Os partidos do Governo foram demasiado perentórios na oposição. Ah, mas se os fundos comunitários não forem aplicados no TGV, o País perde o direito a eles. E não perdia antes? E o défice? E a dívida? E o endividamento das gerações futuras? E é agora, depois de terem apelidado Sócrates de irresponsável para cima, de o acusarem de, por estas e por outras, ter enviado o País para a bancarrota, e de, com estes e outros argumentos, terem ganho as eleições, é agora que chegam lá e fazem, pela calada da noite – e da silly season – exatamente o mesmo? O adiamento do TGV era uma bandeira. Uma medida emblemática. Um cavalo de batalha eleitoral.
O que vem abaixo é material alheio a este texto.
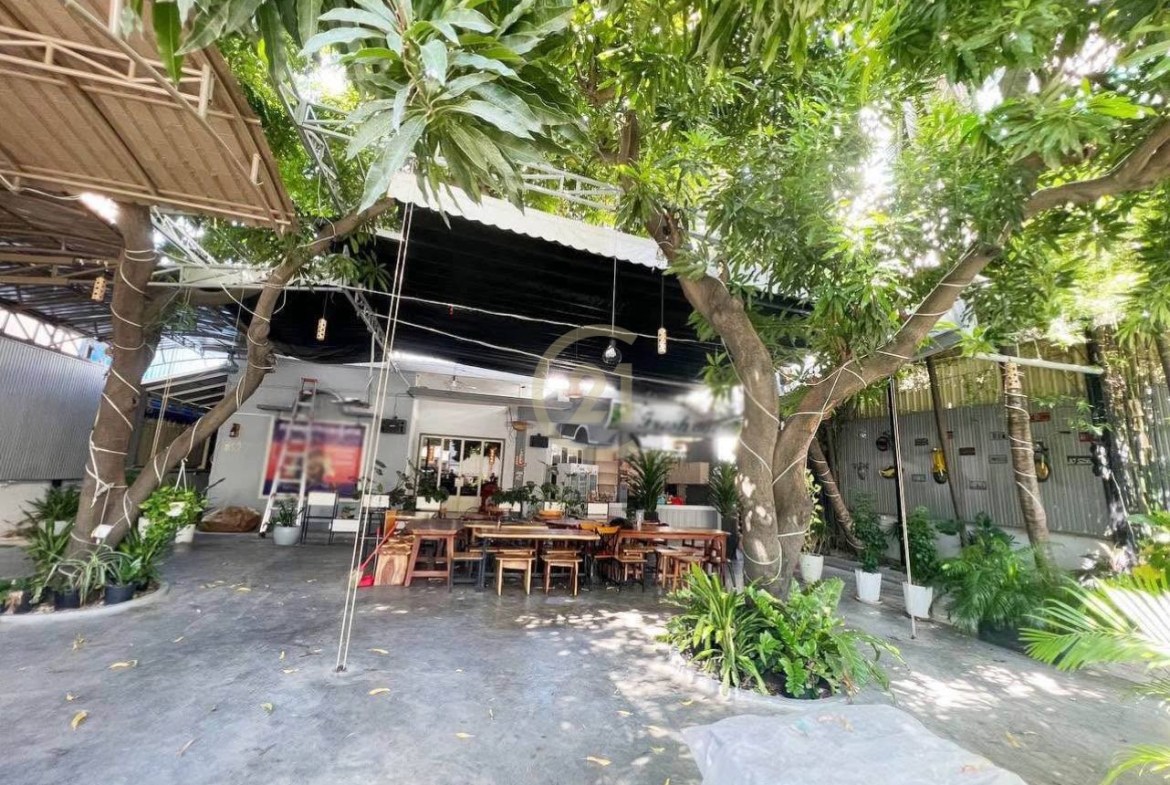 Shophouse For Rent In BKK3 | BKK3 5960
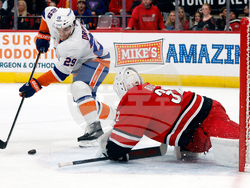 Islanders Hurricanes Hockey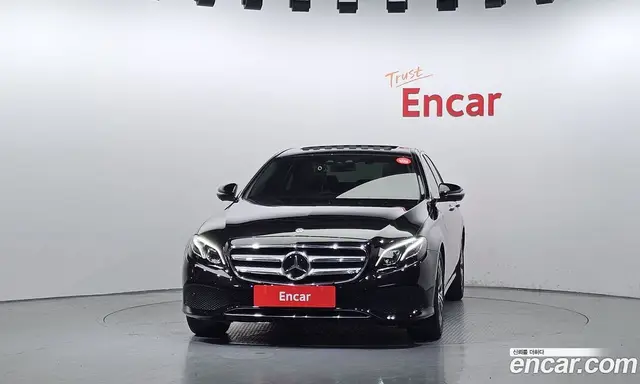 Mercedes-Benz E-Class 2020 2.0 гидро, миниатюра 3
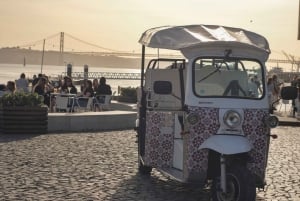 Tour turístico de Lisboa de 3 horas en Tuk Tuk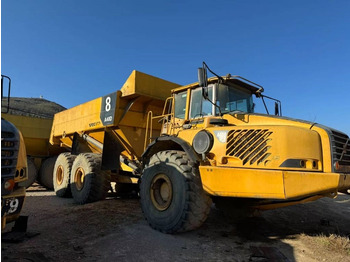 Сочленённый самосвал VOLVO A40D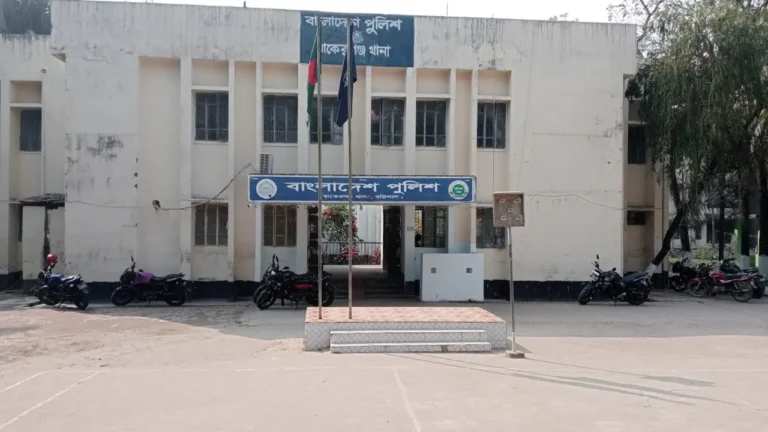 ধার দেওয়া টাকার দাবিতে গিয়ে নারী সদস্যদের মারধর, স্বর্ণালংকার ছিনতাইয়ের অভিযোগ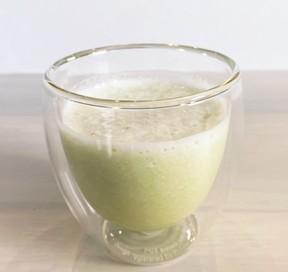 シンプルなマスクメロンスムージーのレシピ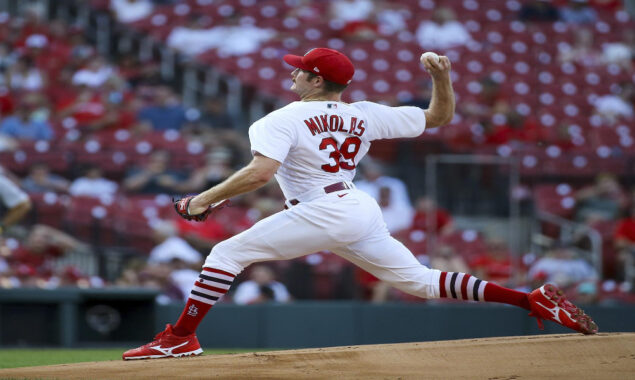 Mikolas Working on No-Hitter Through 6 for Cards Vs Pirates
A sua iminente reabilitação prova a ligeireza com que PSD e CDS abordaram a questão, a facilidade demagógica com que atacaram o anterior governo, o desconhecimento dos dossiês, e os truques com que convenceram um eleitorado tremelicante.
Já defendi, nestas linhas, que o TGV devia ter sido um desígnio do cavaquismo, quando, em pleno período de vacas gordas, se apostou tudo nas autoestradas. A ligação de alta velocidade à Europa era estratégica, e só a tacanhez de alguns governantes e o erro histórico do ministro Ferreira do Amaral – e dos que lhe sucederam, nos governos de Guterres – não viram isso. A teimosia de Sócrates chegou tarde de mais. O País deixou de dispor de recursos e os argumentos de PSD e CDS, ainda na pele do dr. Jeckyl, eram razoáveis. Mas eis que chegam ao Governo, e vestem o fato de mr. Hide.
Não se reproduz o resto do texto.